Delivering rejection with gentle courtesy and receiving it with gracious perspective are not the same skills. (For what it’s worth, I’ll observe that I lack skills in both areas, and this is not a blog post written from a place of hurt; it is a morning to consider where further growth may take me.)

It’s the ‘handled badly’ moments of rejection that devastate me, more often than not: the terse or angry words, the unexpected rejection, or the abrupt withdrawal of affection. I don’t doubt at all that I am perceived as stronger than I truly am; I know how I feel on the inside when I feel rejected, and I seriously doubt anyone who loves me would want me to have that feeling.  I am also much stronger than I understand, myself, because as dreadful as rejection feels – it is totally survivable. It hurts most to be rejected when I am attached to being accepted as a measure of affection or support; but we are each having our own experience. It is unquestionably going to be true that not every moment will be shared with me, and that not every moment shared with me will be lovely, loving, pleasant, joyful, or satisfying. Some moments are not for me. Some moments are not pleasant for me. Some moments will be more pleasant to contemplate than to live out. Some moments will hurt far more than seems reasonable, and linger too long in my consciousness. They are still only moments. Like so many things about thinking and feeling, although the feelings associated with rejection suck completely, they are still merely emotions; there is chemistry involved…our thoughts are chosen, crafted, built and nurtured from within – and they have only whatever reality or truth that we give them, ourselves.

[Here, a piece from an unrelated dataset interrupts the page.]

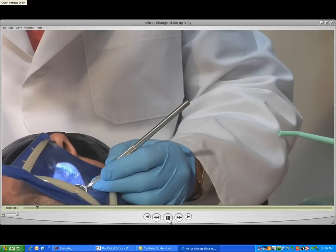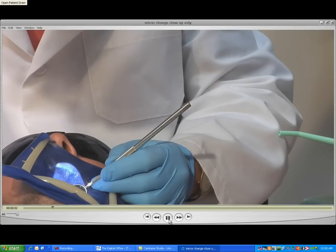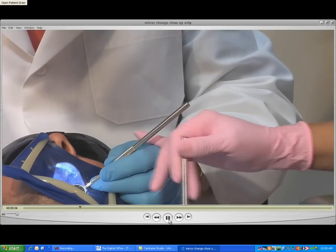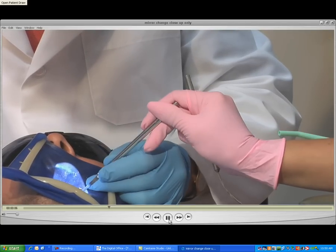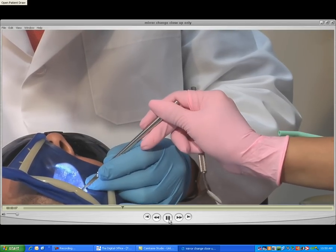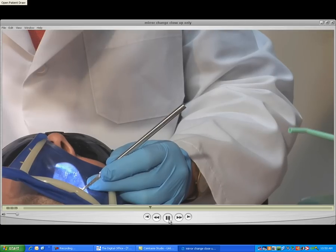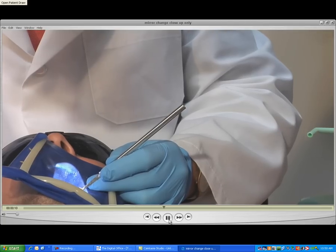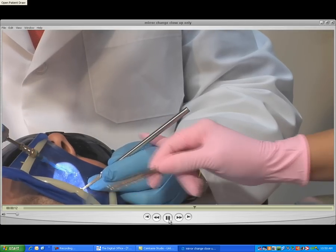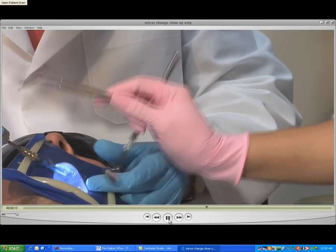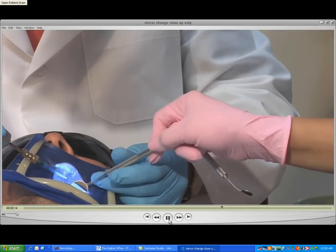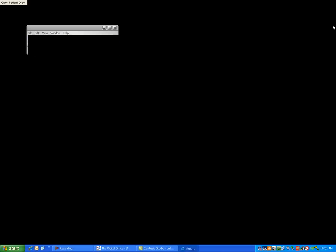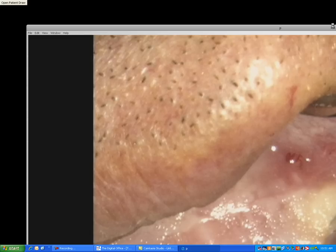Click my mouse. And this is bringing up another video. I'm going to click my play button. This is a video of Dr. Carr showing how to change the instruments. I'm going to close that video.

Being rejected does suck…what sucks most about it, for me, is that I followed the moment of rejection almost immediately by also rejecting myself.  I followed implicit blame from someone else with explicit self-directed blame. I built on that self-directed blame by tearing myself down, and followed that by refusing comfort from the person who rejected me… it was a terrible way to treat myself, and I don’t recommend it at all.

There’s more to consider; the underlying concern still troubles me, but I am not strong enough this morning to pursue it with clear thinking. It is what it is; sometimes ‘taking care of me’ means allowing myself time to get past something that hurts before considering it further. It is a choice that prevents me from becoming mired in a negative emotional experience; a serious risk for me, and one of my challenges with my TBI. (The PTSD and TBI do not play nicely together.)

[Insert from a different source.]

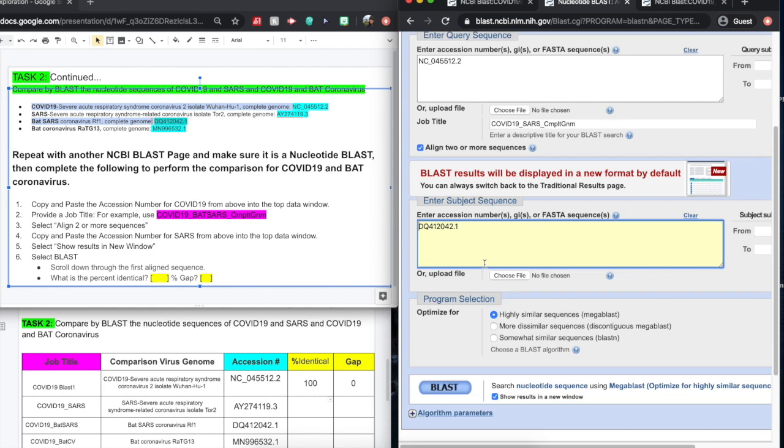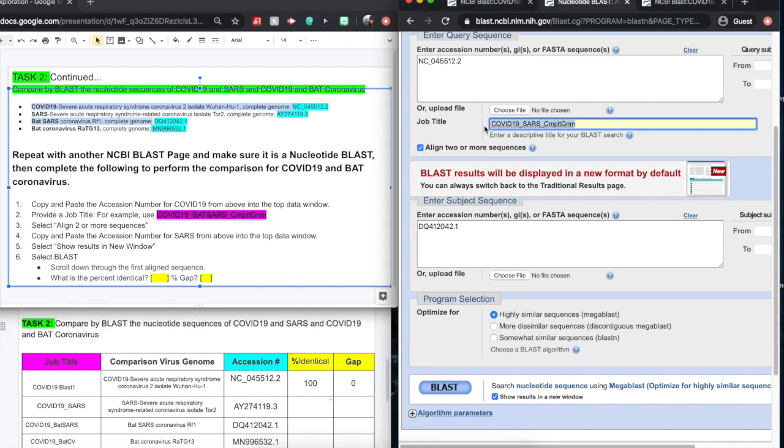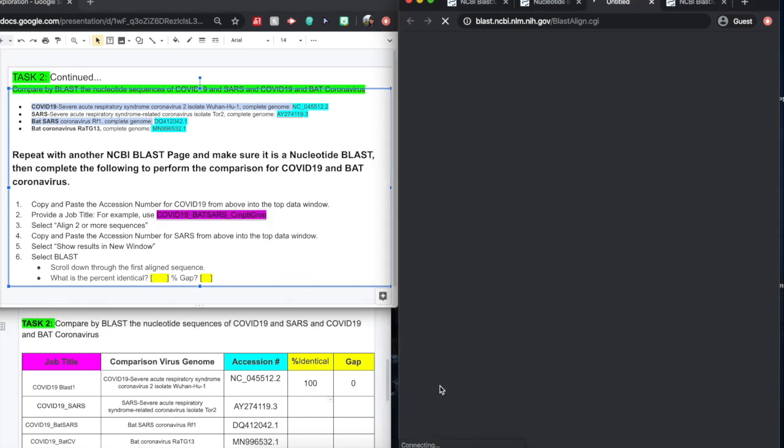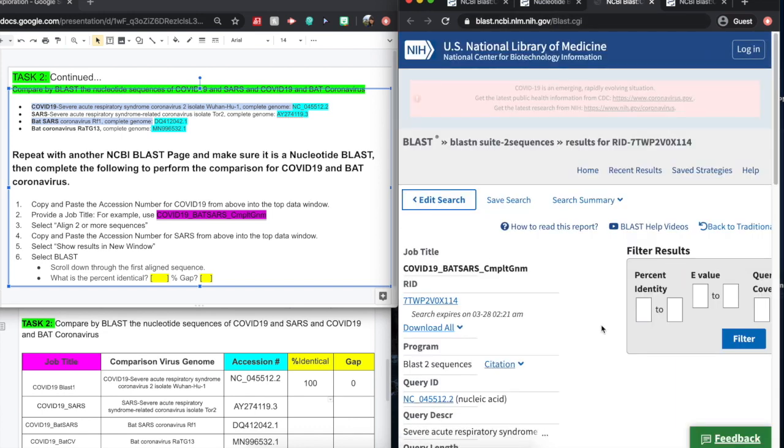Copy, paste it. Everything else should have been checked off. We just need to change our title now. And hit BLAST. A new window will pop up.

Strangely relevant; I had a very powerful, positive, growth-directing, encouraging therapy session this week…I am already having to rest on those skills, and feel sad that timing has been such that there was no opportunity to celebrate them. Even the slightest attention on those hurt feelings rouses the lingering feeling of rejection lurking in the background waiting to attack me again (I admit that I feel unimportant that this thing that matters so much to me, personally, was of no interest or consequence whatsoever to anyone else in the household that day; there were other things going on, and we were each having our own experience).  So, yeah, today dealing with feelings of rejection seems important… It’s time to take another step on the path of emotional self-sufficiency, and to learn more about counting on being accepted and encouraged by me, myself, with such strength and reliability that no external rejection can really touch me. (Hey, that’s a goal – maybe a little over-reaching, but it’s a start.)

Perspective promises so much... there are still verbs involved.

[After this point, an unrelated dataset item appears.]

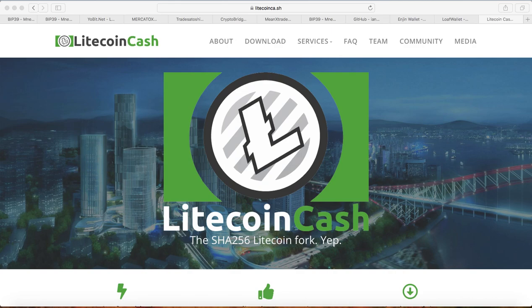Hey guys, welcome to Weekly Crypto. Today I'm going to show you how to claim Litecoin Cash with the Nano S Ledger.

Perspective promises so much… there are still verbs involved.

Today is a good day to understand that rejection does hurt; but it’s only a moment, and an emotion. We choose to react or respond, we choose how important we allow the moment to be, and we choose whether to inflict additional suffering on ourselves as a result of rejection. Today is a good day to allow rejection to direct our attention to someone else’s needs or boundaries, and understand rejection as ‘poorly handled boundary setting’ with compassion, and acceptance. Today is a good day not to take rejection personally. Today is a good day to change the perspective on rejection. Today is a good day to change my inner world.